Extracted entries below:

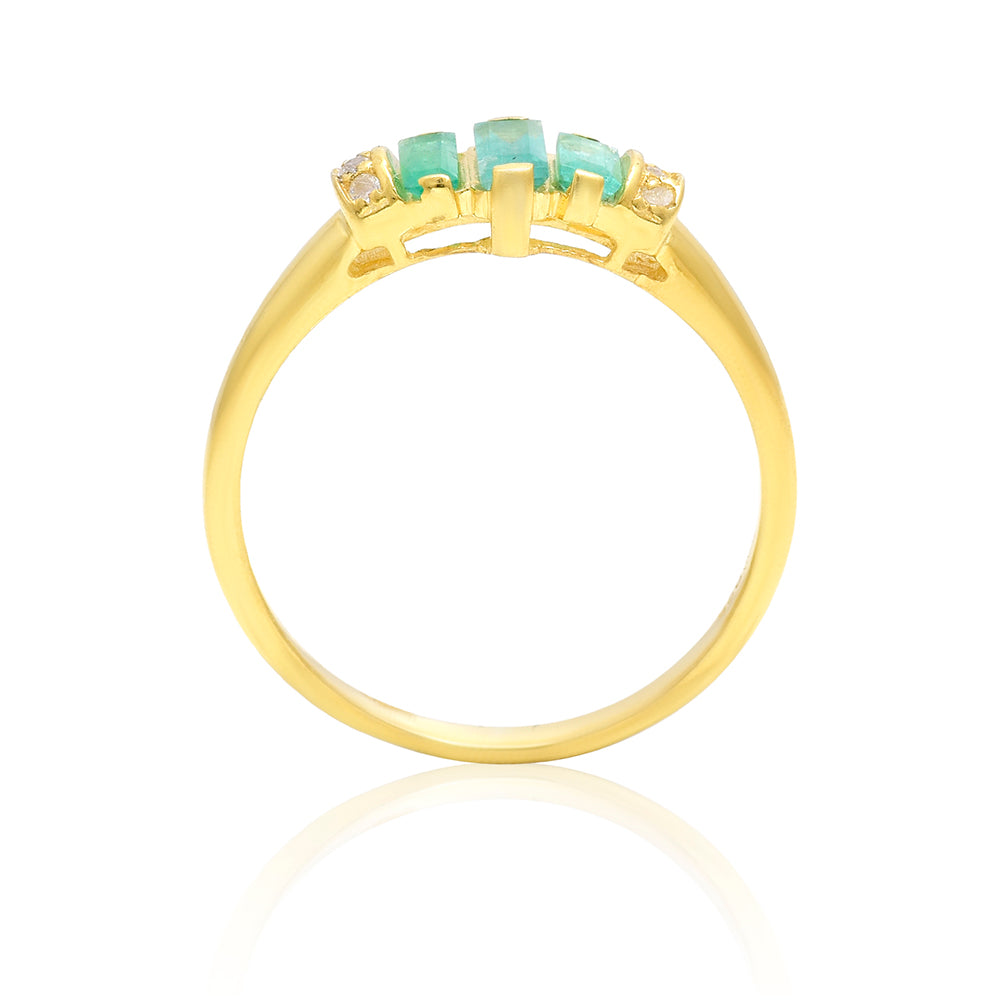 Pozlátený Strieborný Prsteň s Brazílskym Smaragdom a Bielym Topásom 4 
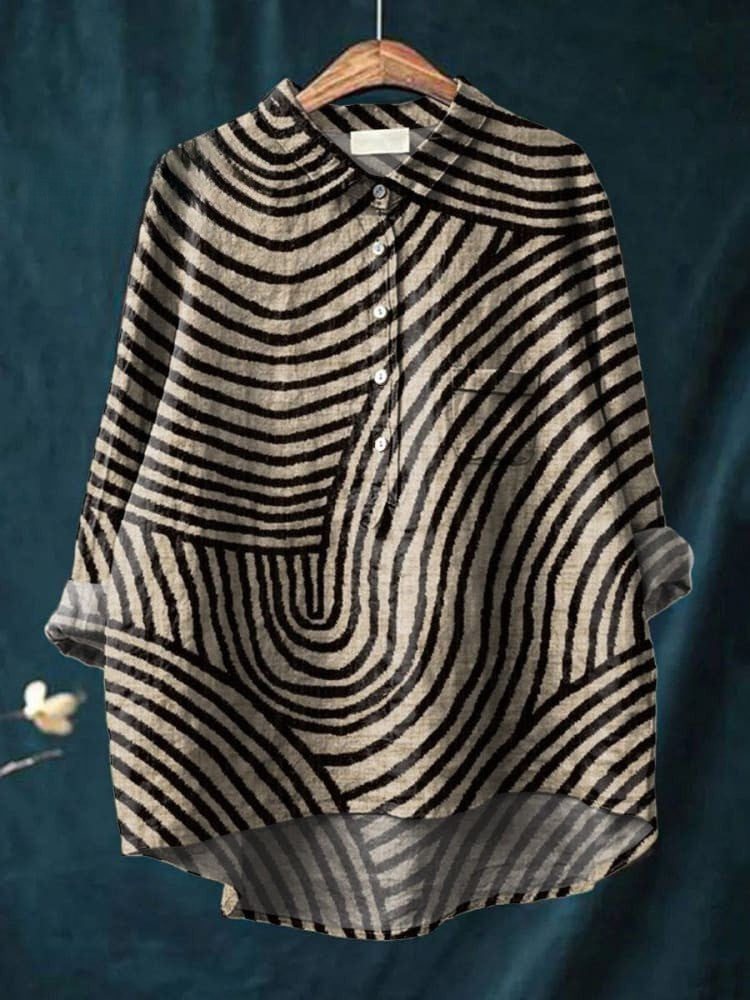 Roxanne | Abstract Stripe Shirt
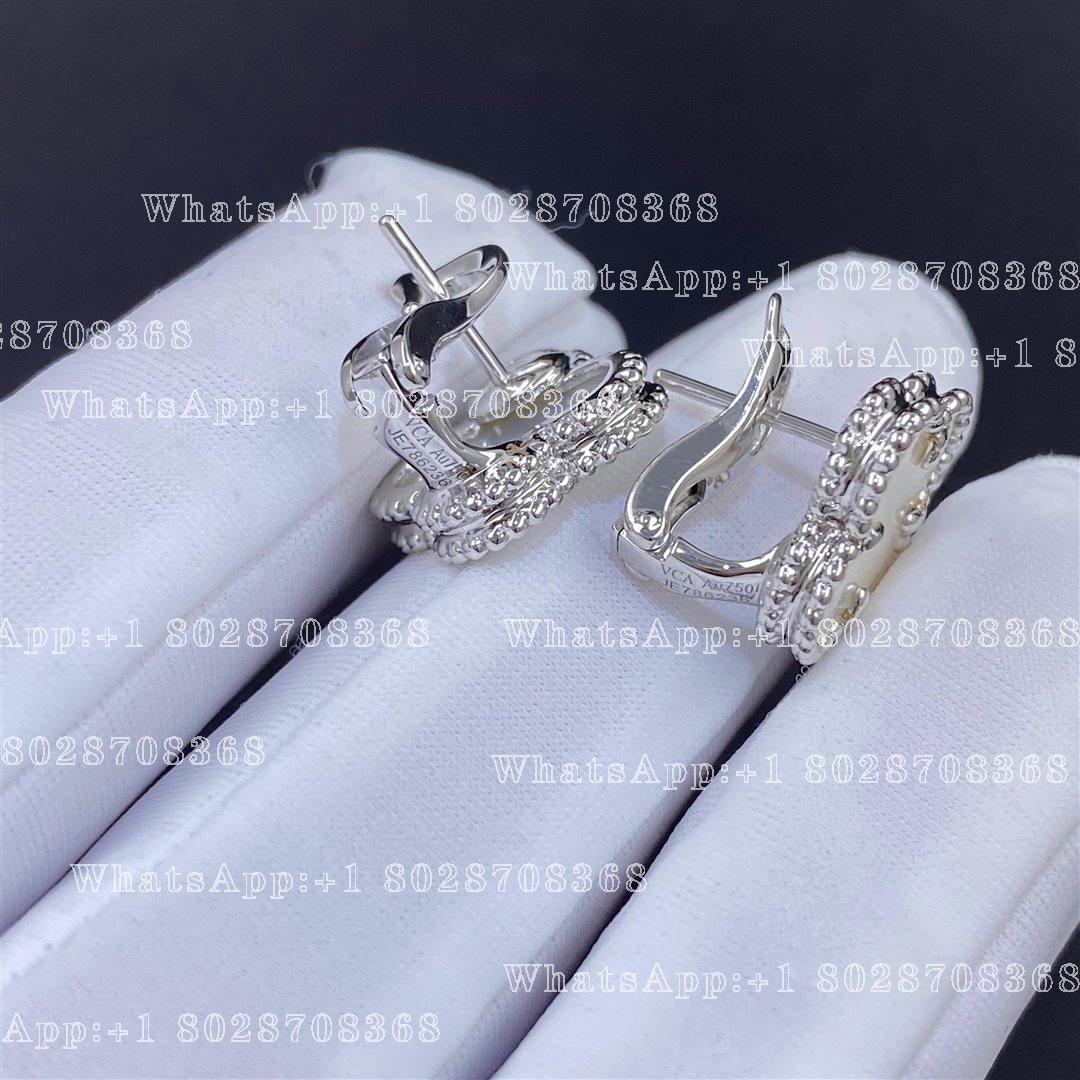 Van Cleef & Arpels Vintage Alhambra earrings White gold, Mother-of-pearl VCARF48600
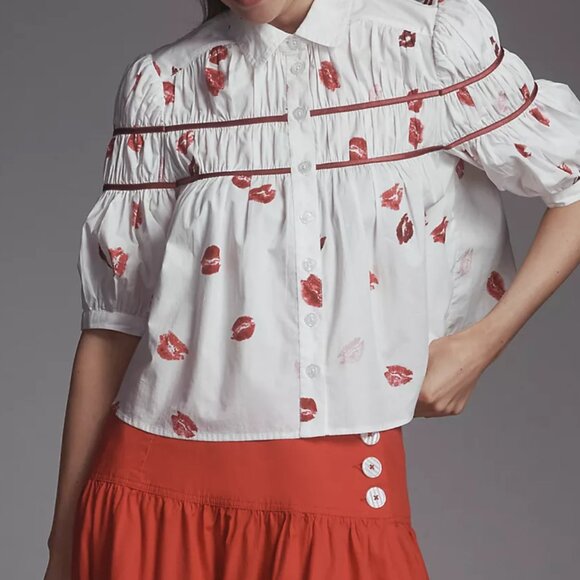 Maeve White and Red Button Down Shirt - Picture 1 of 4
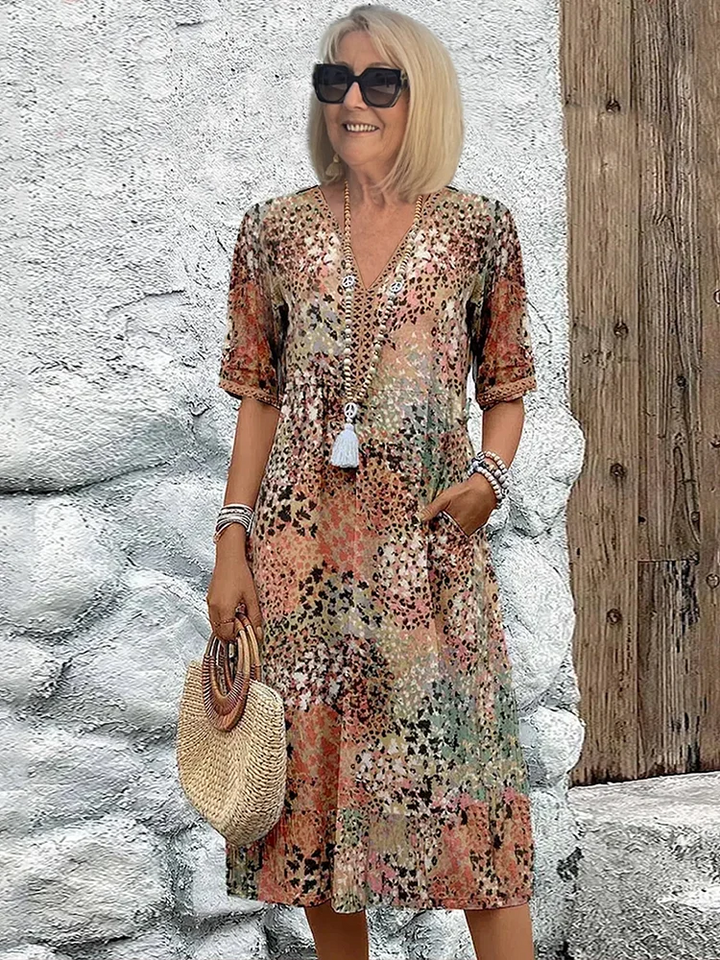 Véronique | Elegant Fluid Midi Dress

End of Extracted entries.

> Your assignment
Your copy should begin at the line containing "Roxanne | Abstract Stripe Shirt" and end at the last line of the data above, matching each line exactly and holding no pictures.

> Answer box
 Roxanne | Abstract Stripe Shirt
 Van Cleef & Arpels Vintage Alhambra earrings White gold, Mother-of-pearl VCARF48600
 Maeve White and Red Button Down Shirt - Picture 1 of 4
 Véronique | Elegant Fluid Midi Dress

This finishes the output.